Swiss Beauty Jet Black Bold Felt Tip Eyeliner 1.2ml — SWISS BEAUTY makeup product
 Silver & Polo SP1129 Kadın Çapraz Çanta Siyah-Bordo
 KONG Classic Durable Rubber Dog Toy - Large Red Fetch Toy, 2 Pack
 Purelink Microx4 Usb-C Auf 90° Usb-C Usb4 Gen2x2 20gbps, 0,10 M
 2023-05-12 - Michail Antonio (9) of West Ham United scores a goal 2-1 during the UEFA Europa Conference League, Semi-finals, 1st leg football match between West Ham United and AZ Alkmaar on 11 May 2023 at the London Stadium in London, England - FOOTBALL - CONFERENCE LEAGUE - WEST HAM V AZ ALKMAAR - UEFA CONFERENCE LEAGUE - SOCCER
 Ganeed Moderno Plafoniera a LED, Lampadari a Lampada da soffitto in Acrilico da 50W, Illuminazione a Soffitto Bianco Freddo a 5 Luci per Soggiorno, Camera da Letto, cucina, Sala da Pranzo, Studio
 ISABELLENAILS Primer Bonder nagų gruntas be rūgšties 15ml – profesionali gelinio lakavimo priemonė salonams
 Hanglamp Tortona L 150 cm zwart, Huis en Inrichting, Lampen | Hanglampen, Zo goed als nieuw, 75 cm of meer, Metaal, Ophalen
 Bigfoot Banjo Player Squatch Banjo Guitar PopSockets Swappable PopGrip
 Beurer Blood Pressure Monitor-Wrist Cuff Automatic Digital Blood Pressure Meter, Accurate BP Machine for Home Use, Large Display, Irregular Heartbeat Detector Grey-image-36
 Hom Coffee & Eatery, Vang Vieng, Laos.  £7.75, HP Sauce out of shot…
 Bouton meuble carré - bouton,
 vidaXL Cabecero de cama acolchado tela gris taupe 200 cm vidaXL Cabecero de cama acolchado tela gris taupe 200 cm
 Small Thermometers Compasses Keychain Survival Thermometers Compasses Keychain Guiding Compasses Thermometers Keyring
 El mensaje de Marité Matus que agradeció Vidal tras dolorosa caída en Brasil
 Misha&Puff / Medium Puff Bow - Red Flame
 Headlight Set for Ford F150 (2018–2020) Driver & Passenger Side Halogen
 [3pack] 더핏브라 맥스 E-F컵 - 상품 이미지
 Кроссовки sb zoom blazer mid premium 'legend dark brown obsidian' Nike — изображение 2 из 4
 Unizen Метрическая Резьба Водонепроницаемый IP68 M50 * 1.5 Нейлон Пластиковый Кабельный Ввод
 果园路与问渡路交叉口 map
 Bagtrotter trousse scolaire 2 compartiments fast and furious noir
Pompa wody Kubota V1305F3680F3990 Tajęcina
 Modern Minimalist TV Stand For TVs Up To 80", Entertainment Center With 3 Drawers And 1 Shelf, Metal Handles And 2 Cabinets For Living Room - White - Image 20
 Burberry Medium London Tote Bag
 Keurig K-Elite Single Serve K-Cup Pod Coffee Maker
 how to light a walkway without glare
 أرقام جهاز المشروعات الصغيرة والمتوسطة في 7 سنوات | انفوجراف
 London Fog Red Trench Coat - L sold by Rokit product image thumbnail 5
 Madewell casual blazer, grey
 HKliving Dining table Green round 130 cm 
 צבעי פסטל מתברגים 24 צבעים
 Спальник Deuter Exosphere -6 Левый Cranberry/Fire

* **What the exercise asks**
Using the entries shown above, reproduce verbatim the lines from the line bearing "[3pack] 더핏브라 맥스 E-F컵 - 상품 이미지" to the line bearing "Modern Minimalist TV", inclusive.

* **Task output**
 [3pack] 더핏브라 맥스 E-F컵 - 상품 이미지
 Кроссовки sb zoom blazer mid premium 'legend dark brown obsidian' Nike — изображение 2 из 4
 Unizen Метрическая Резьба Водонепроницаемый IP68 M50 * 1.5 Нейлон Пластиковый Кабельный Ввод
 果园路与问渡路交叉口 map
 Bagtrotter trousse scolaire 2 compartiments fast and furious noir
Pompa wody Kubota V1305F3680F3990 Tajęcina
 Modern Minimalist TV Stand For TVs Up To 80", Entertainment Center With 3 Drawers And 1 Shelf, Metal Handles And 2 Cabinets For Living Room - White - Image 20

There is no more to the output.